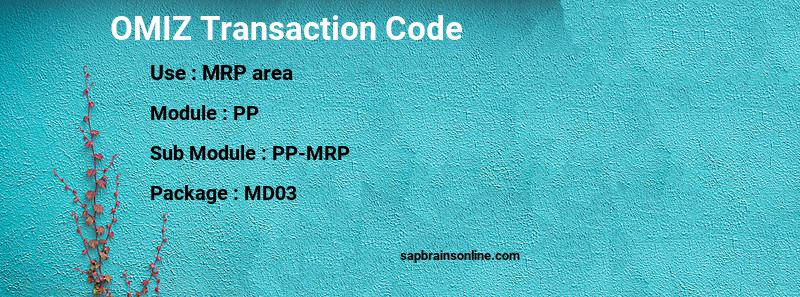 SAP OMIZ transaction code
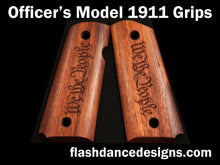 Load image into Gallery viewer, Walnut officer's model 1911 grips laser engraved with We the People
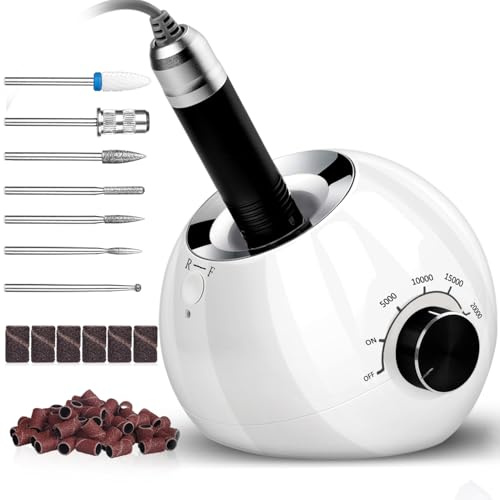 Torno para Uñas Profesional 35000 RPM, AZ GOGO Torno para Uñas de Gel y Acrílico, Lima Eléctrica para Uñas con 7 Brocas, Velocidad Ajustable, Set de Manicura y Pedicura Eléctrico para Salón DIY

* * *

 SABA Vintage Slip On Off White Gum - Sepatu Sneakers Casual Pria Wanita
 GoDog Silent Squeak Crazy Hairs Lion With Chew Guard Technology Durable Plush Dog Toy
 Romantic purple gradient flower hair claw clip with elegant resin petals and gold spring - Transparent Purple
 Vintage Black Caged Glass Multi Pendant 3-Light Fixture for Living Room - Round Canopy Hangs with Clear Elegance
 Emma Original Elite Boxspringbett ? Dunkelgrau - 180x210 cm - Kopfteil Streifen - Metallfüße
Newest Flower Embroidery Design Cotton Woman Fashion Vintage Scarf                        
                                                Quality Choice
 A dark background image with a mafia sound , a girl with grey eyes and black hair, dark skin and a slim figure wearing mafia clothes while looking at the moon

# [Assignment]
Your task is to restate, word for word, only those lines above that fall between the line holding "GoDog Silent Squeak" and the line holding "Vintage Black Caged", inclusive.

# [Finished task]
 GoDog Silent Squeak Crazy Hairs Lion With Chew Guard Technology Durable Plush Dog Toy
 Romantic purple gradient flower hair claw clip with elegant resin petals and gold spring - Transparent Purple
 Vintage Black Caged Glass Multi Pendant 3-Light Fixture for Living Room - Round Canopy Hangs with Clear Elegance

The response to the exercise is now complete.